Survival, plasma HIV-1 RNA concentrations and drug resistance in HIV-1-infected Haitian adolescents and young adults on antiretrovirals

Macarthur Charles, Francine Noel, Paul Leger, Patrice Severe, Cynthia Riviere, Carole Anne Beauharnais, Erica Miller, John Rutledge, Heejung Bang, Wesley Shealey, Richard T D'Aquila, Roy M Gulick, Warren D Johnson, Peter F Wright, Jean William Pape & Daniel W Fitzgerald

 AIDS is the leading cause of death in adolescents and youth aged 13–25 years in sub-Saharan Africa and Caribbean countries that have generalized epidemics of infection with HIV-1.1–3 Antiretroviral therapy (ART) can dramatically decrease AIDS mortality.4–6 However, about 50% of HIV-1-infected adolescents on ART in the United States of America (USA) have detectable plasma HIV-1 ribonucleic acid (RNA) after 12 months of treatment,7,8 a virologic failure rate significantly higher than the 20% rate reported for adults in both high-income and resource-poor settings.9–12 Such a low rate of success in adolescents in the USA is associated with poor adherence to treatment.
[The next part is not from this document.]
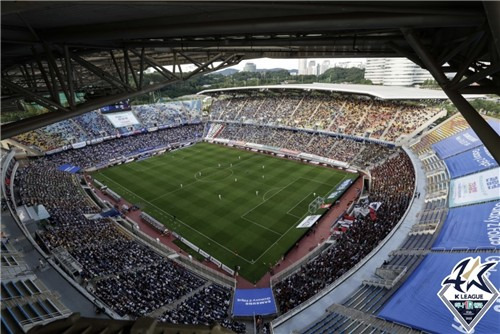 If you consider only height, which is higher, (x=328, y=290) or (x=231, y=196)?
(x=328, y=290)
There are limited data on outcomes after ART in HIV-1-infected adolescents and youth in developing countries, and no country has published data on HIV-1 drug resistance. The authors report survival, plasma HIV-1 RNA concentrations and HIV-1 drug resistance patterns in 146 adolescents and youth aged 13–25 years who were infected with HIV-1 and fulfilled the clinical criteria for AIDS and were consecutively treated with ART in Port-au-Prince, Haiti, beginning in March 2003.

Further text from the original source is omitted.